A Florencio Randazzo le pasó lo que a Ícaro: no advirtió que el sol podía derretir la cera de sus falsas alas, y así cayó, del modo inmisericorde en que el poder político suele golpeara aquellos que no toman nota del juego en que se hallan inmersos. Lo más tremendo para el ex precandidato a presidente del Frente para la Victoria fue advertir que el hombre que en nombre de la presidenta Cristina Fernández le alentaba a criticar, cuestionar y demerituar al gobernador de Buenos Aires Daniel Scioli, es el mismo que ocupará el rol de garante de la continuidad del proyecto si el voto popular les concede la victoria junto a Scioli.

A partir de esta definición cuya intimidad no se conoce, Daniel Scioli es el candidato a presidente por el FPV, y Carlos Zannini, el custodio del legado de Néstor Kirchner y Cristina Fernández.

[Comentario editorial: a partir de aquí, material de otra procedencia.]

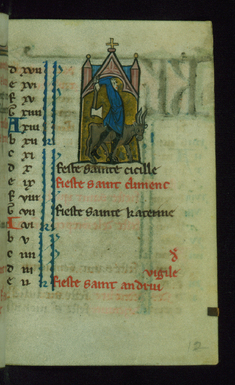 Image for Leaf from Book of Hours: November Calendar, Man Slaughtering an Ox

La palabra “puro” aparece demasiado en el relato del Gobierno. Se dice que Zannini es un “kirchnerista puro”, que la Presidenta es quien más sabe porque ella es la que conduce y quien mejor conoce lo que hay que hacer para el mejor resultado del grupo político y por ende de la nación. Dicho de manera articulada, como sentencias surgidas de un texto sagrado, expone un universo de ideas que poco tienen de democráticas. Conceptos como “jefe”, “conductor del movimiento” muestran un criterio verticalista e infantiloide que asusta. El politólogo Enrique Zuleta Puceiro señala que conceptos como “república” resultan abstractos para la sociedad, que va por cuestiones más sencillas. Es posible, pero no por ello es menos imperioso que haya actores políticos que propendan a una sociedad vinculada horizontalmente, que debata criterios y deje de acatar órdenes como si estuvieran emanadas de un poder divino incuestionable y omnímodo.
El aniversario número 800 de la Carta Magna británica es un frontón para aquellas naciones en las que el derecho absoluto del que conduce parece habilitar a cualquier cosa.La Magna Charta Libertatum asentó, quizá por vez primera, la libertad individual ante el poder absoluto del rey, que la tradición de la época consideraba un elegido de Dios. La Magna Carta no inventó la libertad, ni fundó la primera democracia, ni fue la primera Constitución; ya los egipcios y los sumerios habían codificado leyes, y los griegos habían experimentado con la democracia. Su originalidad descansa en caracterizar la libertad de la persona como superior y anterior al Estado, en amarrar la libertad con la propiedad privada, y en afirmar la “libertad bajo la ley”.
Han pasado ochocientos años, y cada nación a la vez que cada generación debe luchar sus propias batallas. En la democracia argentina, la lucha por la limitación del poder y la sujeción del dirigente al dictado del interés común es una batalla de la época que merece ser librada mediante el voto popular.